Тамара бросилась к воде. Дражники уже причаливали.
— Радио сказало: День Победы. Иди, курносая, домой и фрицев своих веди, сегодня нерабочий день. Эй, фрицы, Гитлер ваш капут!
Возбужденные, радостные дражники, выскочив на берег, помчались в поселок. А Тамара стояла как вкопанная. Штребль подошел и испуганно спросил:
— Фройлейн Тамара, что случилось?
— Война кончилась, Рудольф, — она смотрела на него и словно не видела, а потом, очнувшись, счастливо закричала: — Ура! Мы победили!
Штребль бросился к своим. Немцев будто подменили — они обнимались и плакали, а кто-то пустился в пляс.
— Фройлейн, мы так рады! — воскликнул Штребль. — Теперь близится час, когда мы сможем вернуться на родину. Ведь так, фройлейн Тамара?
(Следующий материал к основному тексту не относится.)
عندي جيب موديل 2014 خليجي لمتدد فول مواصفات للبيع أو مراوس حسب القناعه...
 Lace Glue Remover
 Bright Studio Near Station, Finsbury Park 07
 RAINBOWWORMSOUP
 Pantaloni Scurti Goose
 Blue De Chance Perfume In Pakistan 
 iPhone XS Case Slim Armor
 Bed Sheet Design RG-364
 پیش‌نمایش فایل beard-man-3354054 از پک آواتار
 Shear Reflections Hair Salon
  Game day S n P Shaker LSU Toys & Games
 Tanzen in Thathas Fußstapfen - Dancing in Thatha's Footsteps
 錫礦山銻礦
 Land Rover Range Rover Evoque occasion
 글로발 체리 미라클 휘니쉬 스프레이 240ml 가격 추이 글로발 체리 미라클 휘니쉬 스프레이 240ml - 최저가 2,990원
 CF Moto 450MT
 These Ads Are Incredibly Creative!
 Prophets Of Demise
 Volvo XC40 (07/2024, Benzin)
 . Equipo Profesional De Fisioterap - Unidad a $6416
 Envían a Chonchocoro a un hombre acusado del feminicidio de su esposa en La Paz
— Наверное, — сухо ответила она.
Ей почему-то вдруг стало обидно, что Рудольф так явно спешит уехать. Но она тут же поймала себя на мысли, что родина есть родина и, конечно, он не может вести себя иначе. Да и ей-то что за дело до этого немца? Главное — победа! Но как Тамара себя ни уговаривала, настроение у нее испортилось.
А немцы обратно в лагерь не шли, а бежали. Тамара еле за ними поспевала.
У самого поселка их встретил лейтенант Петухов.
— Давай, веди их обратно! Комбат не велит немцам отдыхать.
Тамара чуть не разрыдалась. Потом, собравшись с духом, выпалила:
— Пусть он сам их и ведет! А для меня сегодня — праздник победы! — и, даже не обернувшись, побежала по улице.
Петухов почесал в затылке, не зная, как поступить.